What is the best eSIM for long-term travel and digital nomads?
For months on the road, combine a global or pay-as-you-go eSIM (Yesim and Roamless charge per gigabyte from a wallet; BNESIM sells long-validity global plans) with local SIMs in countries where you stay longest. Pure travel bundles get expensive past a few weeks.
Tourist bundles are priced for two-week trips; nomad life breaks that math. Past the first month, the per-gigabyte cost of stacking 30-day bundles adds up, so the long-haul setup looks different. Pay-as-you-go providers like Roamless and Yesim hold money in a wallet and charge per gigabyte wherever you are, with no expiry pressure: ideal as the always-works layer when you land somewhere new.
For the country where you park for a month or more, a local prepaid plan (often installable as an eSIM via the local carrier's app) usually wins on raw price and gives you a local number for deliveries and bookings. The global travel eSIM then becomes your bridge: it covers arrival day, border-hop weekends, and any country where buying local is more hassle than it is worth.
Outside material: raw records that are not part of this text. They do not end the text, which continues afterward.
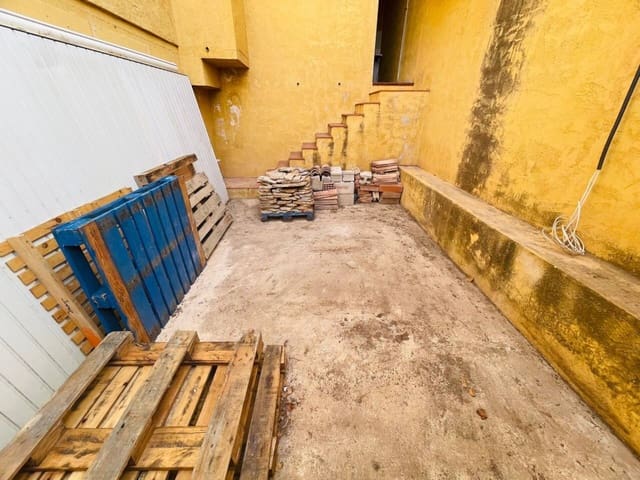 3 quarto Moradia para venda em Altea com piscina garagem - 280 000 € (Ref: 10032288)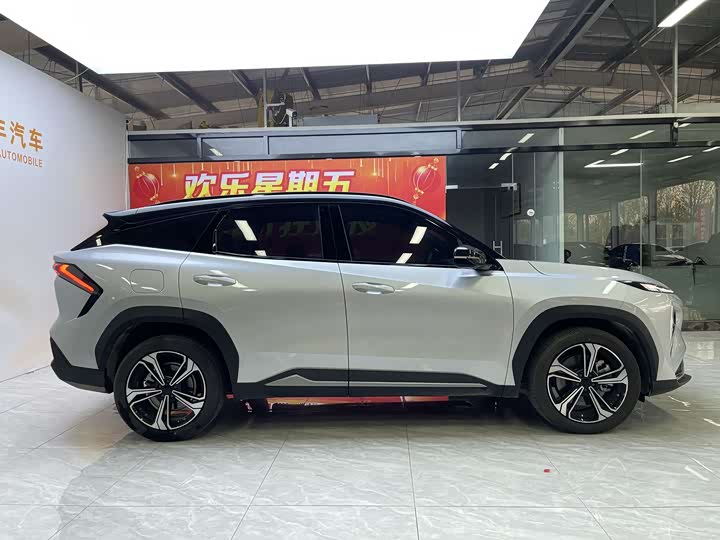 Geely Galaxy L7 2025 2025款 EM-i 115km 探索+版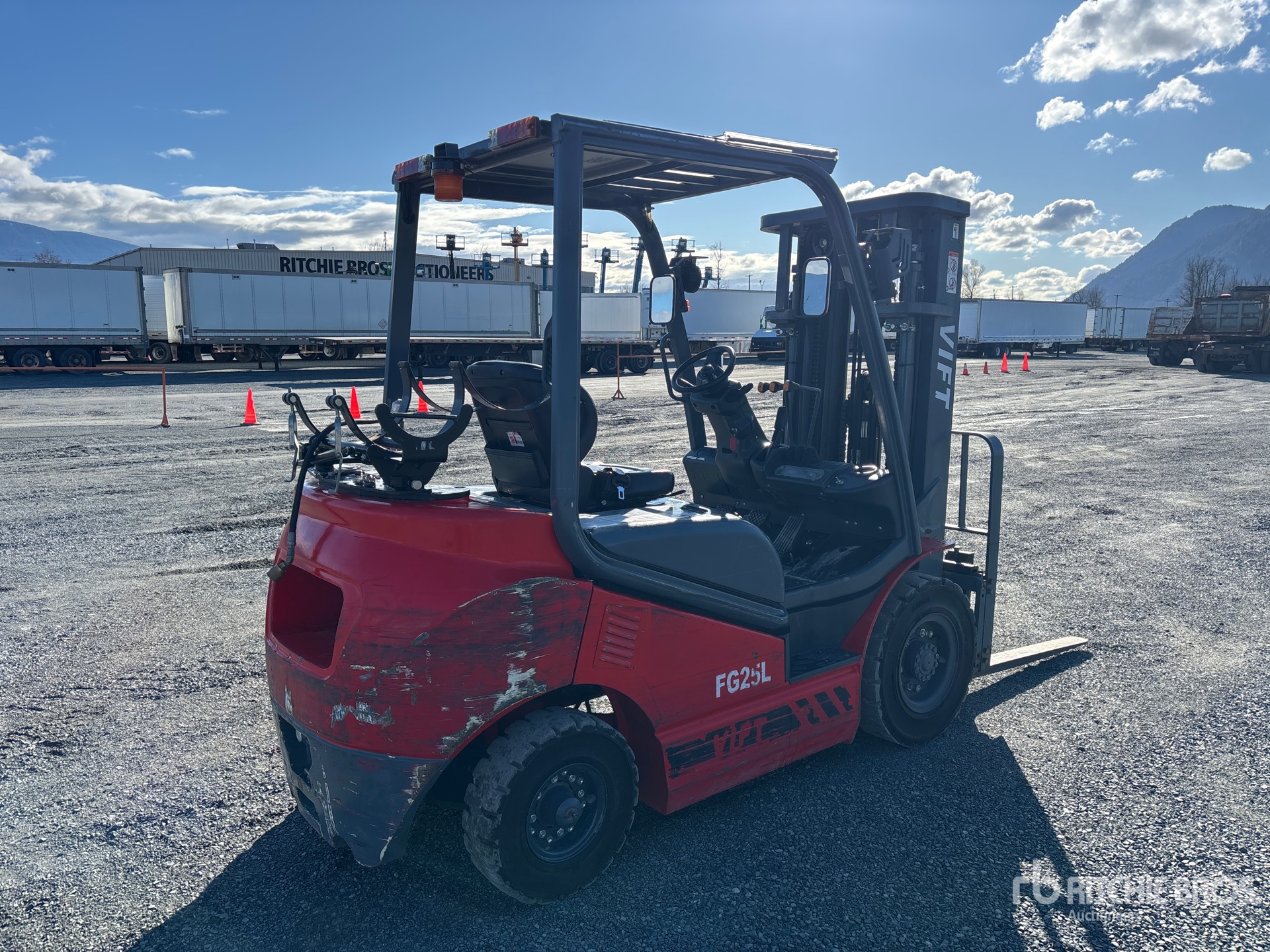 General Appearance with Picture, Right Rear Corner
BNESIM's long-validity global packages and GigSky's broad coverage serve the same bridge role.
Two nomad-specific notes: hotspot policies matter more than usual (your laptop lives off that connection some weeks; verify the plan allows it), and keep your home-country SIM alive on the cheapest possible plan, because banks, government logins, and two-factor codes assume that number exists for years.